Consider the example of the Icenian Emblem shown on the two coins above. It would be very tempting to notice the crescents and suggest they denote a Moon Goddess. The denotation may very well have been the case, and this is a plausible suggestion. We could construct some elaborate meaning about the connection of a Moon Goddess to the Iceni and use this to concoct some complicated pseudo-ethnography.
But suppose, instead, that the pattern could be the choreography of a line dance – the knowledge of which has been lost for all time. We have no way to prove whether the Icenian Emblem is a religious symbol or an assertion of ethnicity embodied in a dance. It would be a waste of time to argue the point either way, or even to offer a third suggestion. We simply cannot know which suggestion is correct – we don’t have enough information to make a sensible choice.
The Icenian Emblem is a Replica and as far as we can tell it denotes nothing more than “Icenian Emblem” with a connotation that the coin was made by the Iceni. Any further elaboration of the sememe diagram constitutes unsupportable overcoding.
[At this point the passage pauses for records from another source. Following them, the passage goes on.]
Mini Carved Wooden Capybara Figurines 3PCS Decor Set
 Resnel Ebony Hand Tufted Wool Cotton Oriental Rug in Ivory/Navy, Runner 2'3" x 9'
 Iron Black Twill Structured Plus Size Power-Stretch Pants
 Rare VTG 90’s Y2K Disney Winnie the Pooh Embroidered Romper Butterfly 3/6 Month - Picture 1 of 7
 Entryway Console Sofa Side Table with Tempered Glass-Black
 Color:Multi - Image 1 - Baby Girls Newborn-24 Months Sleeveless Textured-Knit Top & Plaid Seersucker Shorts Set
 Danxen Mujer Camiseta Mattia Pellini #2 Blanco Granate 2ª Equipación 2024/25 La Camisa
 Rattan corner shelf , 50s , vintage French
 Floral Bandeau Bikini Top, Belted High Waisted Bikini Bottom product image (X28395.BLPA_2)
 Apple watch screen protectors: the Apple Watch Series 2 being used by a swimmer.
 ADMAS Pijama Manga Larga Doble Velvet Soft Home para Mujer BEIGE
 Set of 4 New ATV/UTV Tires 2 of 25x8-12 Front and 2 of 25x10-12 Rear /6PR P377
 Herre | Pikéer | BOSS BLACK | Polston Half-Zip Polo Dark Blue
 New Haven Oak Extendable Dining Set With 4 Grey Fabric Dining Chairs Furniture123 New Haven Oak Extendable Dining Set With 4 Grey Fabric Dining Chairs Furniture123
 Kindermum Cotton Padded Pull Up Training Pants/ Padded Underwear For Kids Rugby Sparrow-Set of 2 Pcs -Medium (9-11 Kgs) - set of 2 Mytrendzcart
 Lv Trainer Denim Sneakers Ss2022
We would need additional information to declare that the image is an Invention and not a Replica, thus worthy of overcoding.
Thus, looking for an inspirational source and complex meaning for the Dobunnic branched emblem is really a waste of time (unless we have some new information to warrant doing so). Is it a tree or a plant? What kind of tree is it – a yew? If it’s a yew, does that mean it’s religious; were druids involved? Was the image a detail borrowed from the imagery on an earlier type and does that mean an alliance between two tribes?
All of these questions come from idle speculation. Any answers given will likely remain unproven. We don’t know the source of inspiration.
The Dobunnic Emblem is a Replica and Replicas should be undercoded.